I rock when he lets me....sometimes it is just him laying on me, sitting in the glider, as we stare out the window and tell eVERYTHING good night









Sometimes he is so tired that he wants to lay right down. But sometimes he is also so tired he will lay on my shoulder with his arm aroud my neck.

I am being extra snuggly when he lets me because in 5 mths i will have a newborn and will miss my alone time with DS!

With DH, he goes right to bed !







No complaints, no hold me longers, no one more stories....
Boys and their mommies!


----------



## Diane B (Mar 15, 2004)

We rocked her to sleep every night until she was about 22 months. Then it started to get too hard to move a rather heavy, sleeping child into her crib. We took the rail off (thus creating a bed) and now rock and read and nurse first, and then sit beside her in her bed until she falls asleep.
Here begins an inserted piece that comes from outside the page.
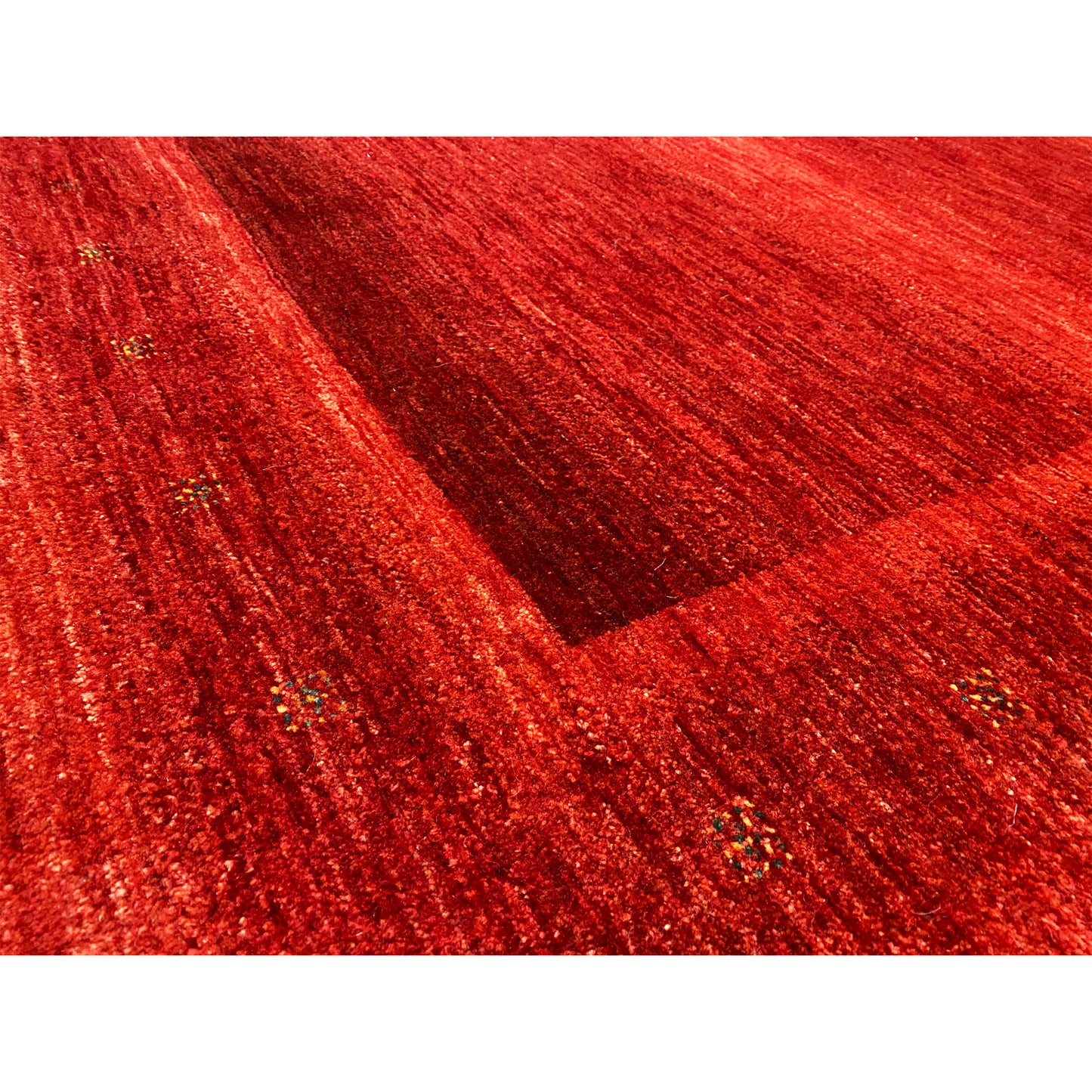 Gabbeh Luri Carpet 247x180cm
I was told when my daughter was little that rocking her to sleep would "ruin" her sleep. Not true. She's a fine sleeper now - sometimes she comes in with us, sometimes she chooses to spend the whole night in her bed - but rocking was (and is) a lovely ending to the day.


----------



## LovinLiviLou (Aug 8, 2004)

I just wanted to post to tell you all that this whole thread warms my heart. I am so glad to know that there are this many parents who get the fact that either a) one day they are going to miss these times, or b) they may wish they didn't have to do it, but they do it because its what their child needs. Either way, you are all super-moms and dads. There are some times that I wish I could just magically get my dd to sleep and have that time for myself (or the house or whatever needs doing), but most nights those are some of our best times . . . like last night when I thought she was asleep, and she randomly sat up, kissed me on the forehead, and then laid her little head back down. The dishes in the sink would never have given me such a sweet memory!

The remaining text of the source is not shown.